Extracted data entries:
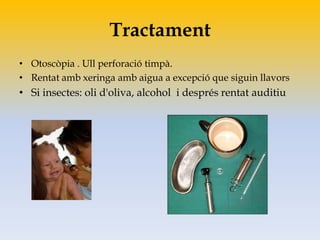 Tractament
• Otoscòpia . Ull perforació timpà.
• Rentat amb xeringa amb aigua a excepció que siguin llavors
• Si insectes: oli d'oliva, alcohol i després rentat auditiu
 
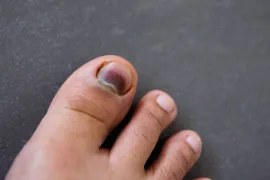 blauwe nagel bij grote teen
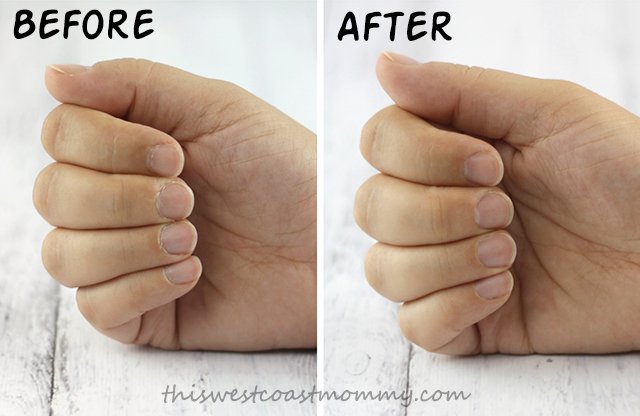 Before and After using the MICRO Pedi Manicure/Pedicure Extension Kit.
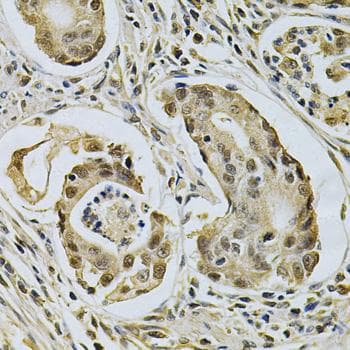 LGALS3 / Galectin 3 Antibody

BRIEF:
Beginning with the line that contains "que siguin llavors" and ending with the final line of the entries, every line must be copied exactly; the pictures must not.

RESULT:
• Rentat amb xeringa amb aigua a excepció que siguin llavors
• Si insectes: oli d'oliva, alcohol i després rentat auditiu
 
 blauwe nagel bij grote teen
 Before and After using the MICRO Pedi Manicure/Pedicure Extension Kit.
 LGALS3 / Galectin 3 Antibody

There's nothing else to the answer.